## Your instructions
Could you output each line below exactly as it appears, excluding any pictures?

## Provided data
· · ·

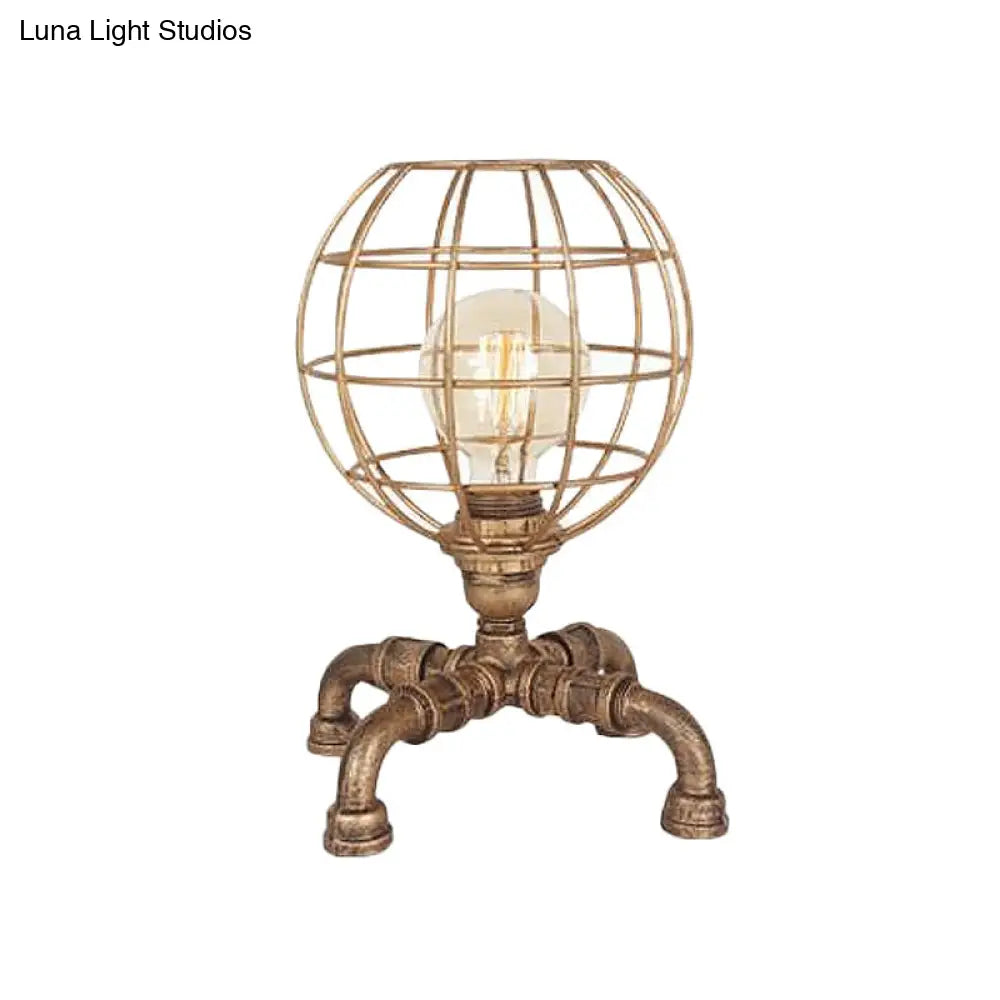 Édith - Bronze Warehouse Style Iron Table Light: Single-Bulb Robot Nightstand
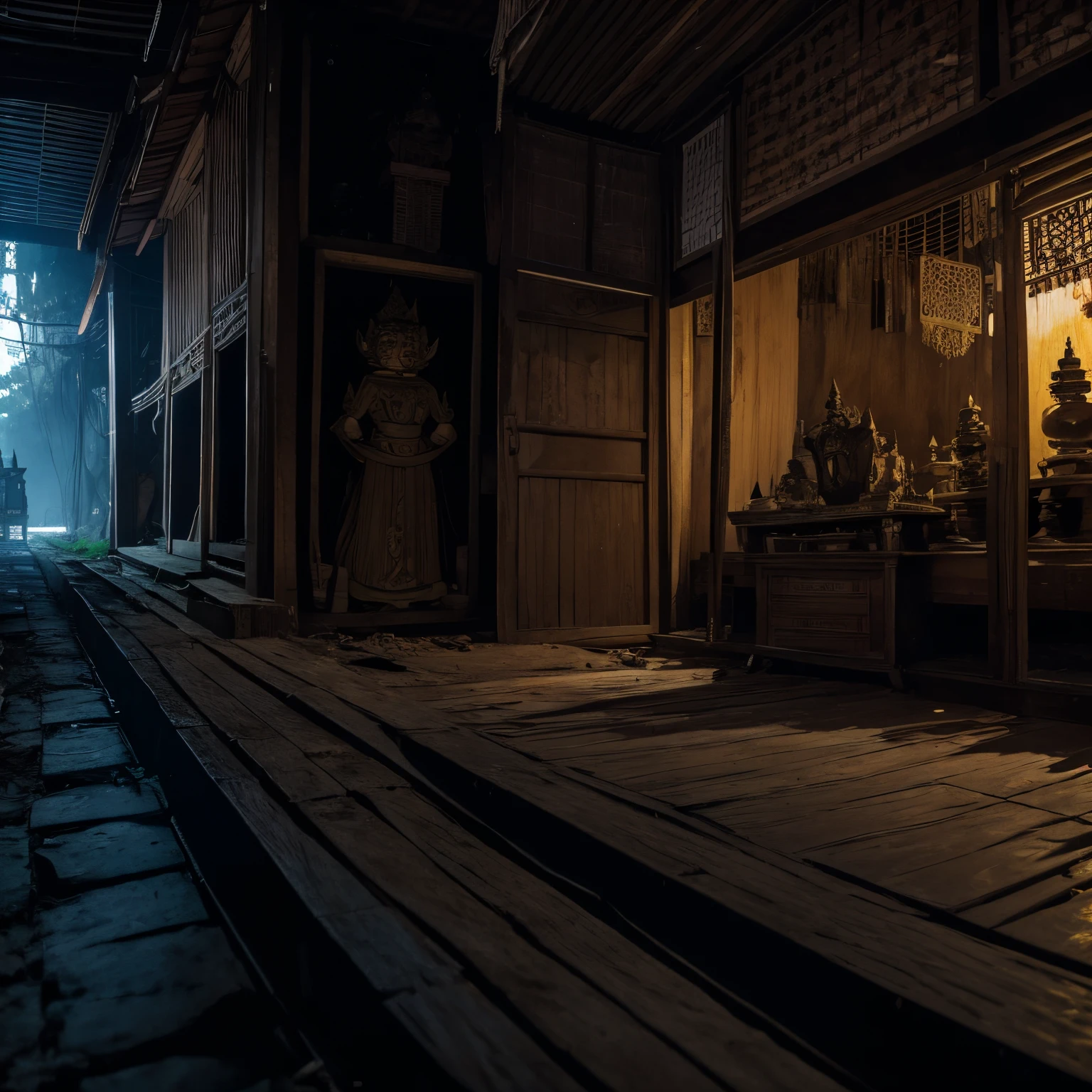a haunting scene of a Thai urban house, looking from a long winding road with lots of mysterious Thai myths artifacts and beliefs
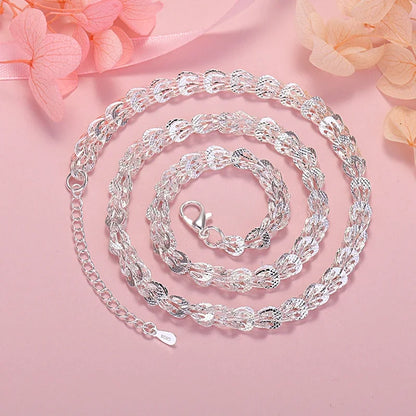925 Sterling Silver Charms Earrings Necklace Bracelet Love Jewelry Cute for Women Chain Set Wedding Gift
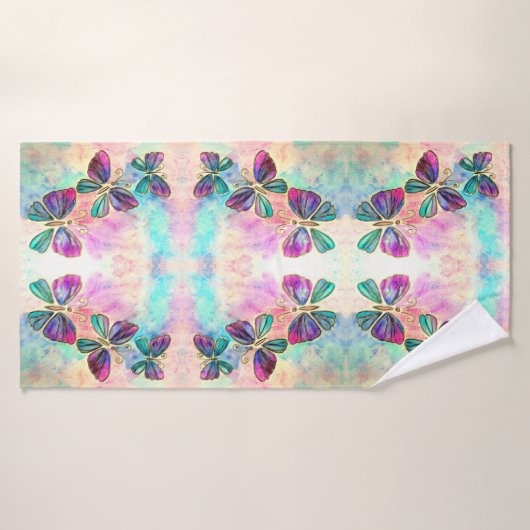 Papillons colorés Serviette de bain (Serviette de bain)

· · ·

## Reply
 Édith - Bronze Warehouse Style Iron Table Light: Single-Bulb Robot Nightstand
a haunting scene of a Thai urban house, looking from a long winding road with lots of mysterious Thai myths artifacts and beliefs
925 Sterling Silver Charms Earrings Necklace Bracelet Love Jewelry Cute for Women Chain Set Wedding Gift
 Papillons colorés Serviette de bain (Serviette de bain)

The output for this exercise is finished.